INSTRUCTIONS FOR THE TASK ▸
Every line from the start of the records below to the line containing "GOLDEN HOUR ||" should be retyped exactly, that line included, and no others.

=-=-=-=-=

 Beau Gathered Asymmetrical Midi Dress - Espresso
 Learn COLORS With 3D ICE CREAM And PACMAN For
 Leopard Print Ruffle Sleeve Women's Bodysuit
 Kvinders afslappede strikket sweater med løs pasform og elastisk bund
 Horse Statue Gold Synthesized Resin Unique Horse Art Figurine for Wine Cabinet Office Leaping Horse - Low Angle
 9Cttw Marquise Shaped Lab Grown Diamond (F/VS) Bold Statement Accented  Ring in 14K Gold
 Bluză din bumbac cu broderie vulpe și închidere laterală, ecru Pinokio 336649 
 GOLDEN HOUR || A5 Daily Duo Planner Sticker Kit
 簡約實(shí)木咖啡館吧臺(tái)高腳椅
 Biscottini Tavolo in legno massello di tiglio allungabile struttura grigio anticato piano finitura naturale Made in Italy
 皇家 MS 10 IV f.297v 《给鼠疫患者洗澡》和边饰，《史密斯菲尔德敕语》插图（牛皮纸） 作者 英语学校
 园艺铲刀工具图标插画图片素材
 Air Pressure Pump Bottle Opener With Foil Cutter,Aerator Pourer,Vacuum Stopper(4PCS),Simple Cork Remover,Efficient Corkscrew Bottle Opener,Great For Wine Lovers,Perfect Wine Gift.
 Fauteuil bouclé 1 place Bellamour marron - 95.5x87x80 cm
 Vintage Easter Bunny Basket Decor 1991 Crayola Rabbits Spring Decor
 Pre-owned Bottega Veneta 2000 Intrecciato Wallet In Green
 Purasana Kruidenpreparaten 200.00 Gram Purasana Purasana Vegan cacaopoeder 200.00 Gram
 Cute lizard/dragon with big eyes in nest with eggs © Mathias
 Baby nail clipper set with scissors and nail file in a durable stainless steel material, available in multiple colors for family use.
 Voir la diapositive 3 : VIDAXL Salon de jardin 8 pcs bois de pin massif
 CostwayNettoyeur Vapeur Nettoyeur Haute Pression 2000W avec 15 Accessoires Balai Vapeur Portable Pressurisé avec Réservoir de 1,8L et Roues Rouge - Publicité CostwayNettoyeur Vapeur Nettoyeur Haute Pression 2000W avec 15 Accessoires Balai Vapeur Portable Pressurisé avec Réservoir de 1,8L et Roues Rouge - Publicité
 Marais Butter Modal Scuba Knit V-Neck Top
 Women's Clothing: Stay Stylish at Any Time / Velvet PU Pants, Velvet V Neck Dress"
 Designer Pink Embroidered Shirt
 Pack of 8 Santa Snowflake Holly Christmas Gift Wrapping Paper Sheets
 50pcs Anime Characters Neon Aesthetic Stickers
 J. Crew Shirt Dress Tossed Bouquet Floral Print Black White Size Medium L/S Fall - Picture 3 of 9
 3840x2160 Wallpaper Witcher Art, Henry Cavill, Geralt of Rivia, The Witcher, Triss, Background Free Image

=-=-=-=-=

OUTPUT BELOW ▸
 Beau Gathered Asymmetrical Midi Dress - Espresso
 Learn COLORS With 3D ICE CREAM And PACMAN For
 Leopard Print Ruffle Sleeve Women's Bodysuit
 Kvinders afslappede strikket sweater med løs pasform og elastisk bund
 Horse Statue Gold Synthesized Resin Unique Horse Art Figurine for Wine Cabinet Office Leaping Horse - Low Angle
 9Cttw Marquise Shaped Lab Grown Diamond (F/VS) Bold Statement Accented  Ring in 14K Gold
 Bluză din bumbac cu broderie vulpe și închidere laterală, ecru Pinokio 336649 
 GOLDEN HOUR || A5 Daily Duo Planner Sticker Kit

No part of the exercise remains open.